Crédit : Ahmad Odeh, Unsplash


Gardez juste à l'esprit de partir du plus simple jusqu'au plus ouvert pour ne pas vous perdre. En revanche, vous êtes libre de partir de ce qui vous convient : chaque situation est unique.

 
Quoiqu'il en soit vous devriez obtenir des formes scéniques plus ou moins grossières (attaque simple au ventre en quart de volte, expression de rage ; parade quinte inversé en fente latérale à gauche, expression de surprise ou encore à déterminer...). L'occasion de les filtrer à travers les attendus estimés du publics et la manière dont nous voulons nous y conformer. Puis, avec celles restantes, intéressez-vous à la suite : consolider et peaufiner. 

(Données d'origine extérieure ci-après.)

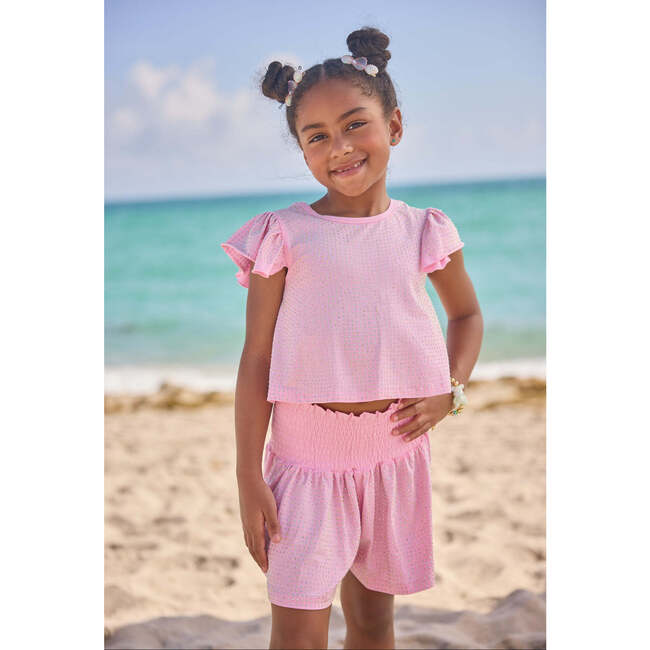 Pink Crystal Ruffle Short Set - Mixed Apparel Set - 2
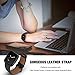 iHillon Compatible with Fitbit Versa 2 Bands/Fitbit Versa Bands for Men Women, Classic Genuine Leather Replacement Straps Compatible for Fitbit Versa Lite Bands for Women Men, Black+Black Buckle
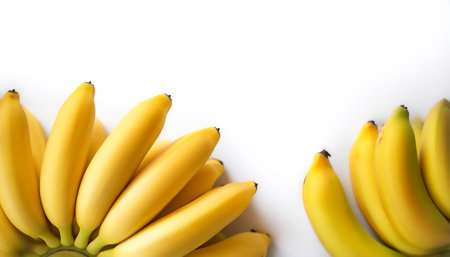 banana fruit pattern on side position provides copy space for text. background concept isolated whiteの写真素材
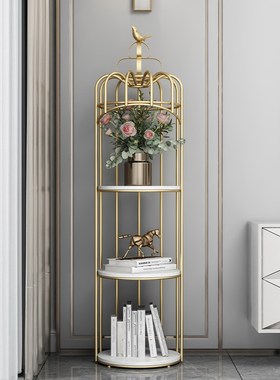 北欧铁艺鸟笼花架室内阳台客厅落地式多层置物架子轻奢装饰品摆件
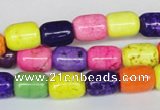 CTU709 15.5 inches 8*11mm column dyed turquoise beads wholesale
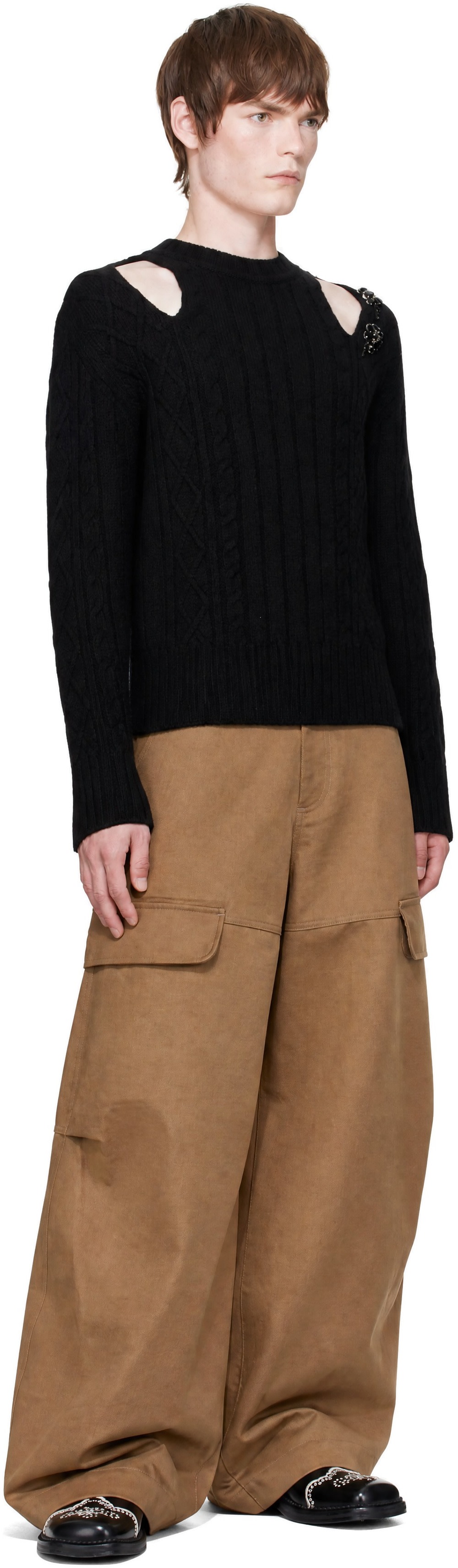 Simone Rocha - Black Embellished Cable Knit Slash Sweater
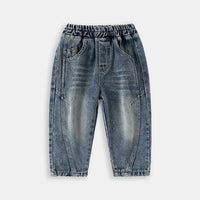 Boys Light Blue Relaxed Fit Denim Jeans with Whisker Detail Pants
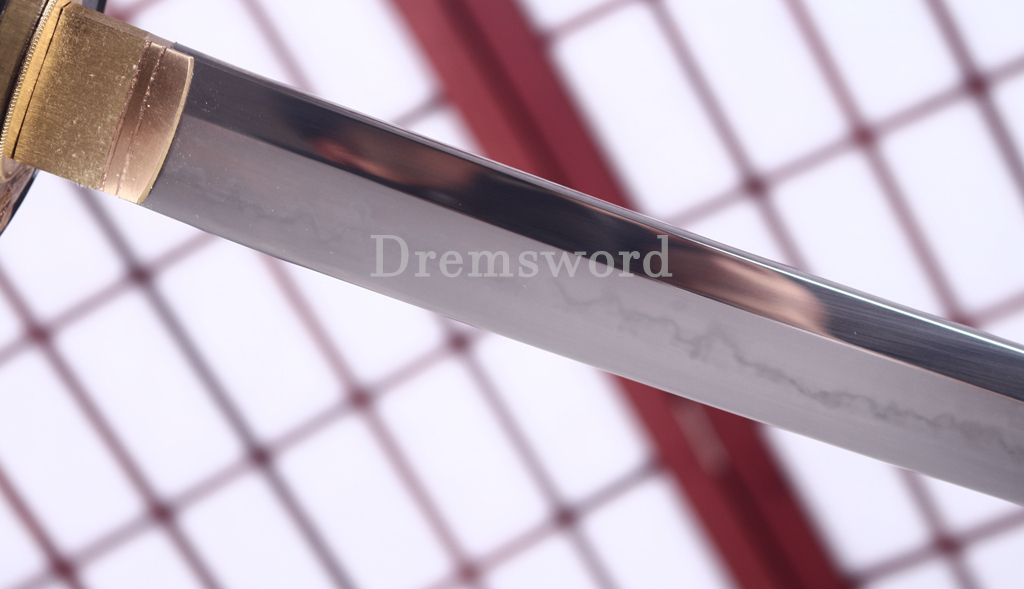 T10 Clay Tempered Hadori Polishing Choji Hamon Katana Japanese Samurai Sword SHINOGI-ZUKURI Full Tang Rayskin Saya Black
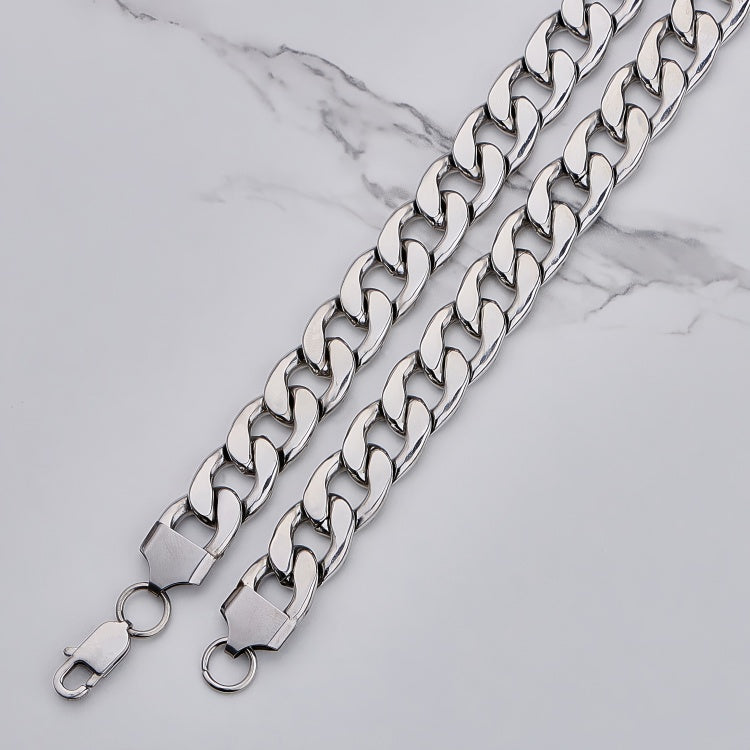 Polished 201 Stainless Steel Men's Necklace For Everyday Wear Featuring 18K Real Gold Plated Cuban Link Chain Curb Chain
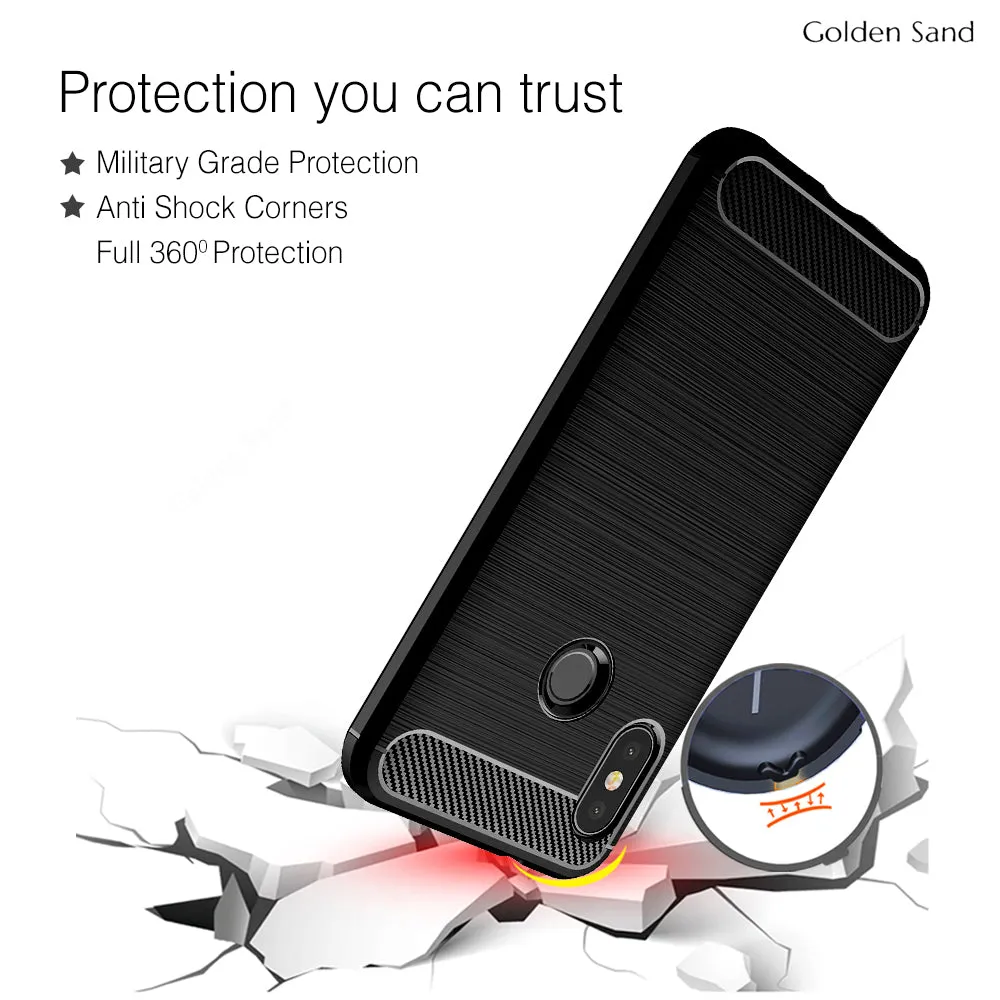 Carbon Fibre Series Shockproof Armor Back Cover for Samsung Galaxy M31, Samsung Galaxy F41 6.4 inch, Black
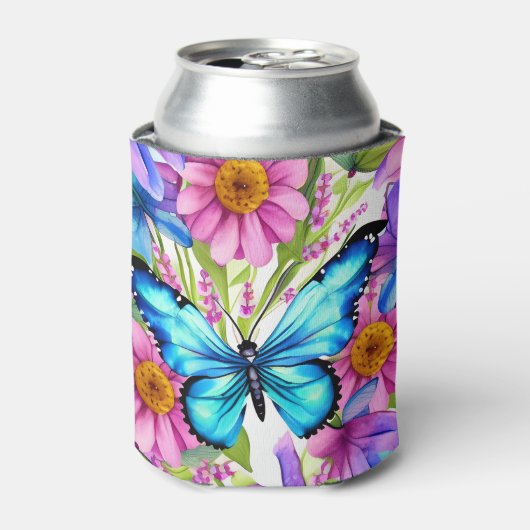 Rafraîchisseur Pour Canette Papillon bleu dans un champ de fleurs (Can devant)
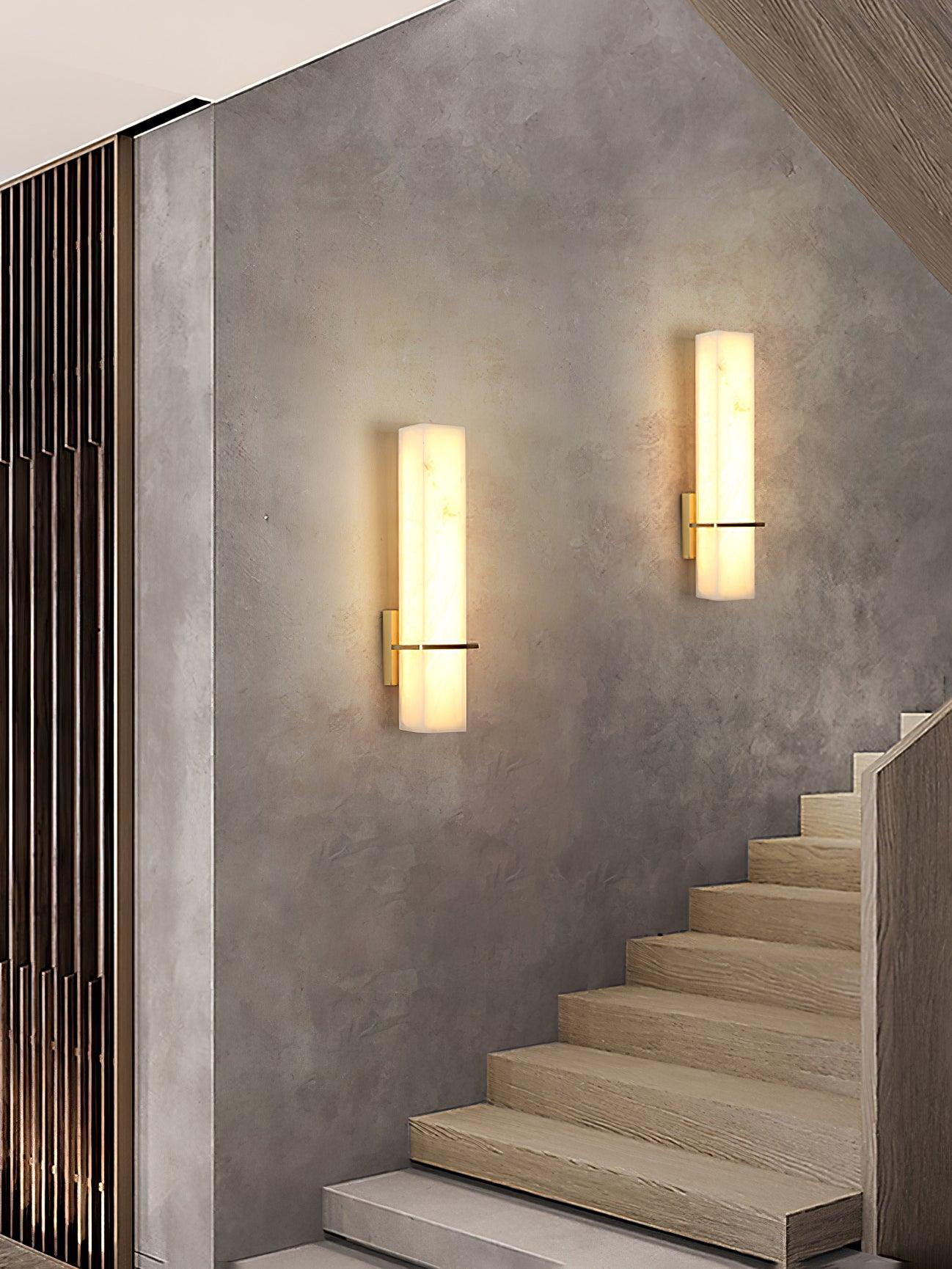 Kirixon Alabaster Wall Sconce Brass Band Shape-Neutral Decor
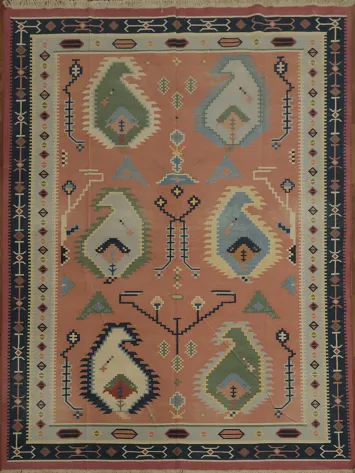 Handwoven Kilim Turkish Rug with Traditional Ornamental Design 6x9 ft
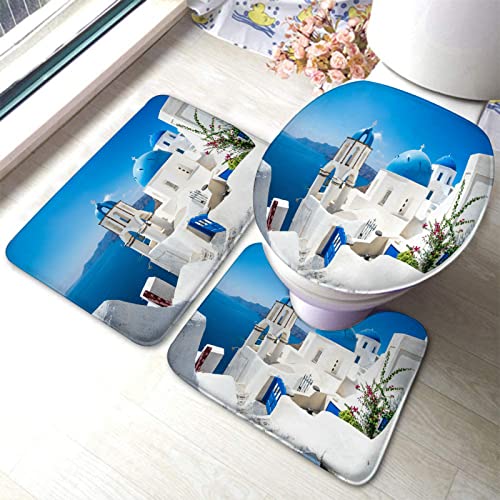 Set 3 Teilig Badvorleger Sonnenuntergang, Blau, Griechenland, Malerische Aussicht, Weiße Häuser Der Kykladen, Santorini Parks, Oia, Griechisches Mittelmeer Fußmatte Waschbar Konturmatte von bozhoushizhenweibaihuoyouxiangongsi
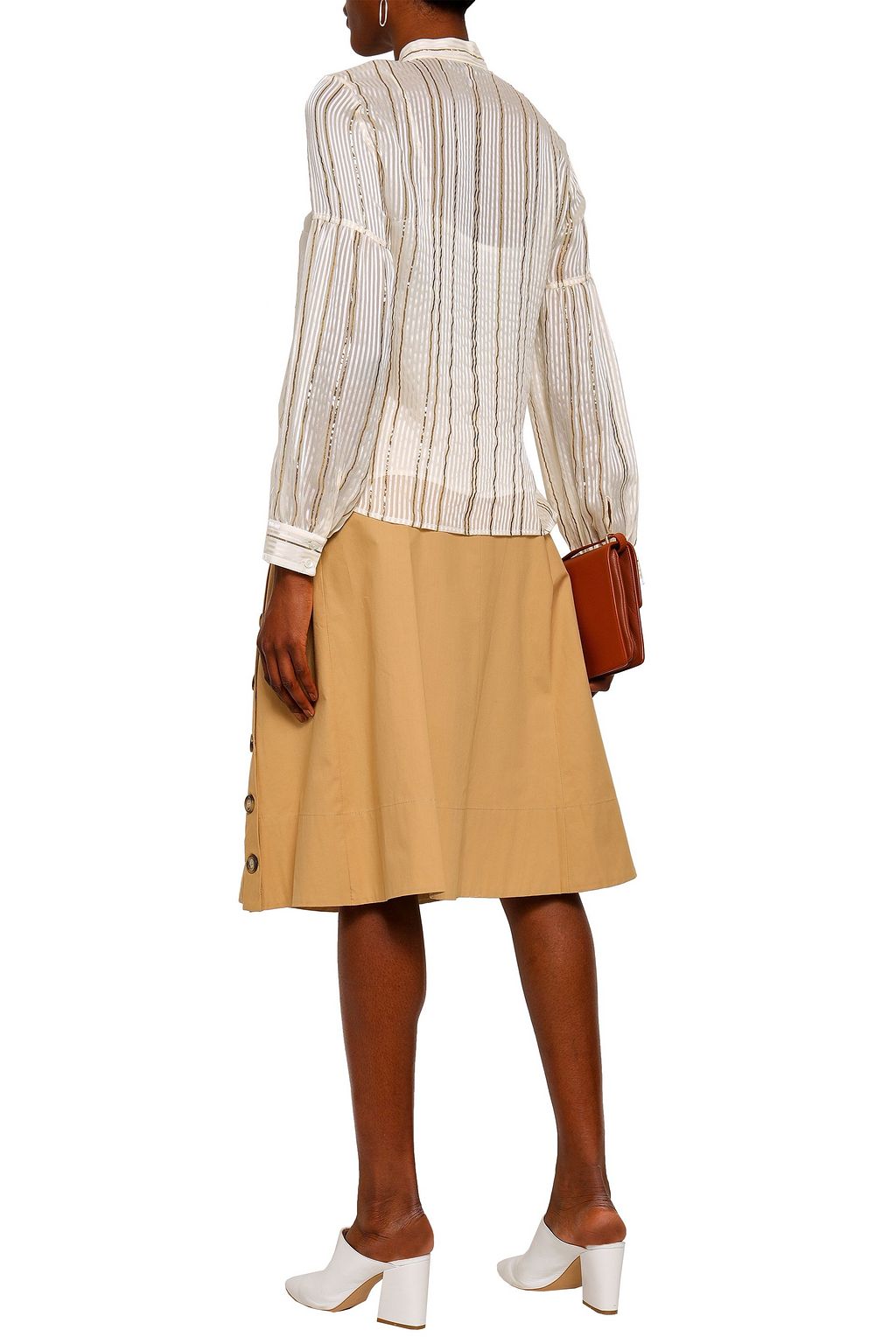 DEREK LAM 10 CROSBY Metallic silk-blend jacquard blouse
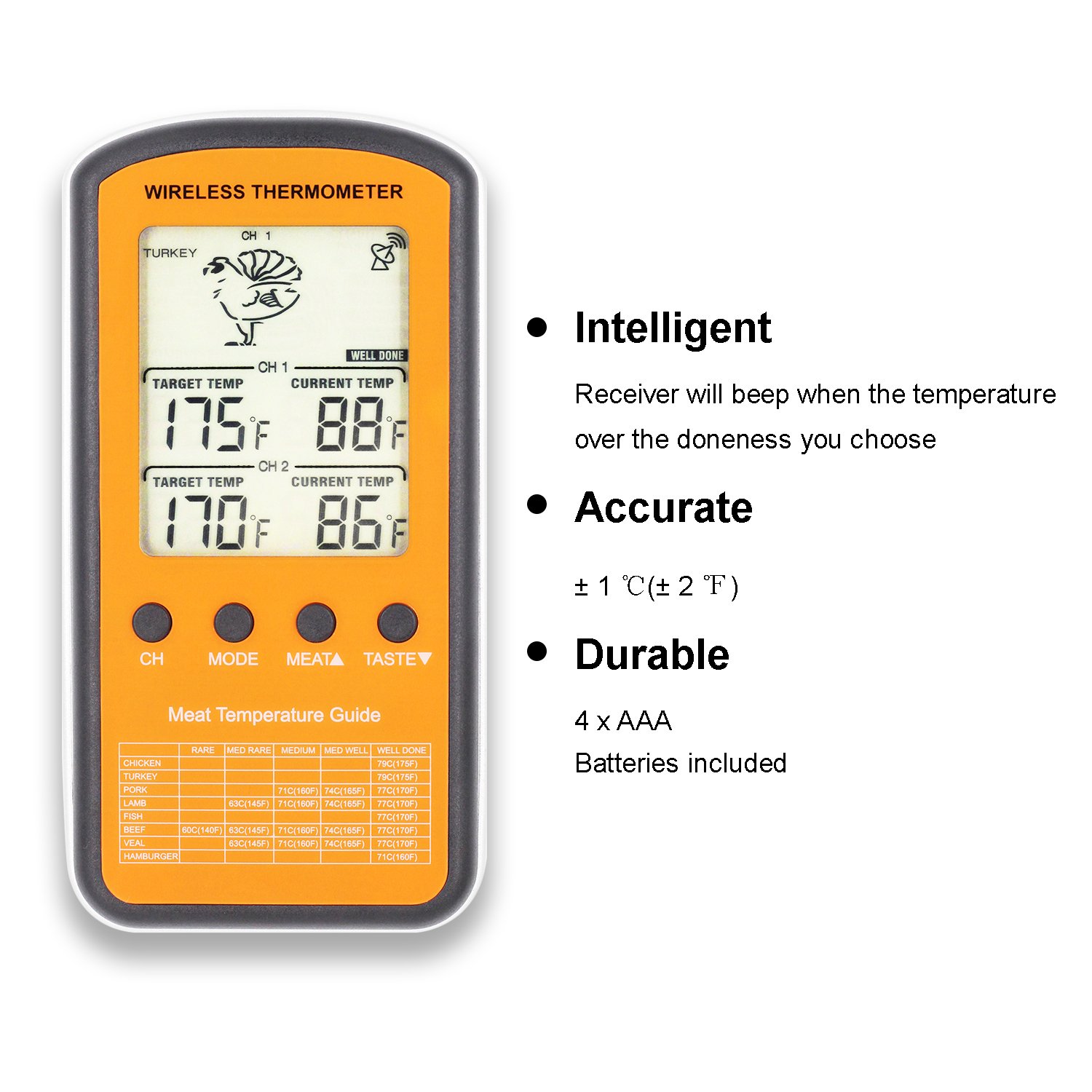 TOROAST Barbecue Backofen Grillthermometer, BBQ Bratenthermometer, Fleisch Küche Thermometer mit Temperaturalarm, Dual Edelstahl Fühler, °C und °F einstellbar, Batterien enthalten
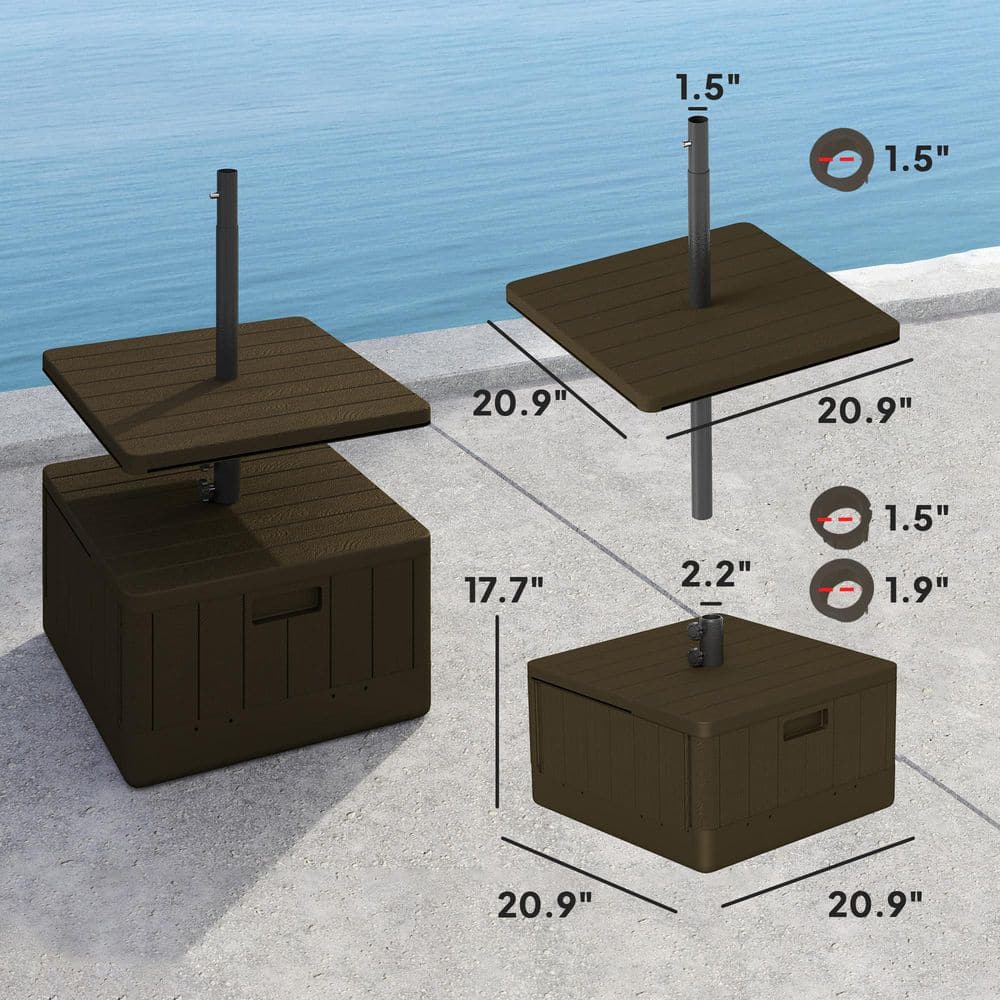 Brown Heavy Duty Plastic Patio Umbrella Base with Table Tray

Consolider les formes, la rigueur technique à l'œuvre.


Identifier, répéter, rationaliser... : le chemin rigoureux de la maitrise technique. 

 

Nous laisserons de côté ce qui touche uniquement le jeu d'acteur pour nous concentrer sur l'escrime. 

Donc, nous avons nos formes, du moins une bonne idée, et savons où aller. Reste que ce n'est pas ça que nous allons montrer au public, nonobstant les changements possibles. De quoi, nous inciter à travailler et peaufiner chaque aspect technique de nos formes, on a pas le choix de toute façons. Un entrainement que nous pousserons jusqu'à obtenir le résultat voulu.
Pour faire simple, nous sommes d'accord qu'à deux à l'heure on arrive à volter, mais qu'à vitesse de représentation et devant un public, il va falloir plus ou moins, mais plus que moins, travailler.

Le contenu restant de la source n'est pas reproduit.